The time needed to do an bus cycle is just short enough to allow this
interleaving of video and processor. However, due to the memory speed,
setup times etc. it is not possible for the processor to have two bus
cycles between each video access.

Note that the video always has priority. This means that if a 6 clock
instruction with one bus cycle (the instruction fetch) is finished, one
of the custom chips (MMU?) inserts two wait cycles before the next bus
cycle can be initiated. 

It seems to be so, that this delay is always there, even if the video
reads from the other bank of memory.

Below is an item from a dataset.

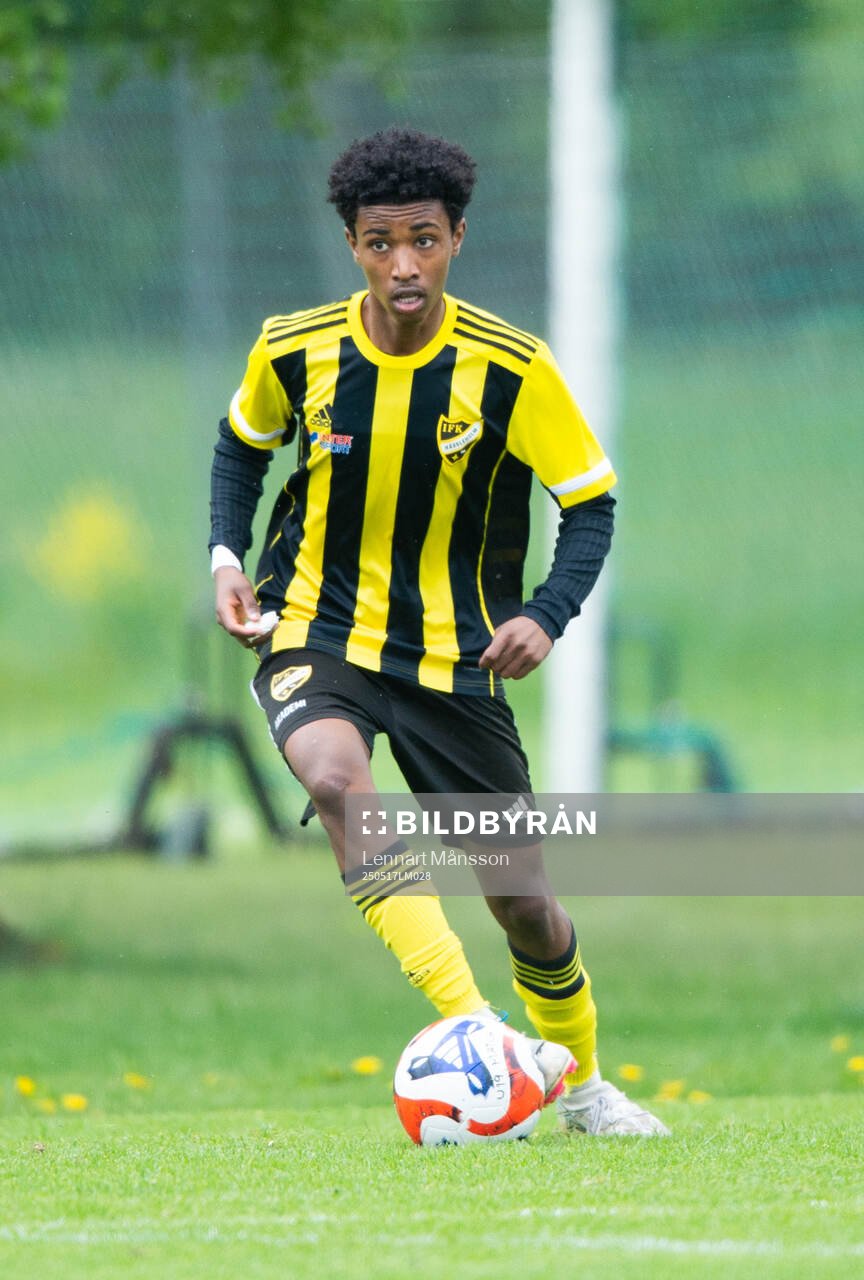 IFK Hässleholms Surafel Eyob Mehari  i matchen i P19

However, I'm not sure if this also
applies to the ROMs.

Perhaps the most gain is achieved by using cache memory (or a 68020 or
30). This alone will on the average give a gain of about 25 %.

The gain would be a lot more if you could put a large chunk of memory to
the accelerator, thus allowing that programs fully reside in this local
memory. However, this gives the problem that DMA transfers probably
cannot access this memory, and that the screen may not be mapped into
this area.

Note: Although I'm an EE I'm not a guru in microprocessors.
      Also English is not my native language, so apologies if things are
      obscured by my raping of the language.


Frans Meulenbroeks        (meulenbr@cst.prl.philips.nl)
	Centre for Software Technology
	( or try: ...!mcvax!phigate!prle!cst!meulenbr)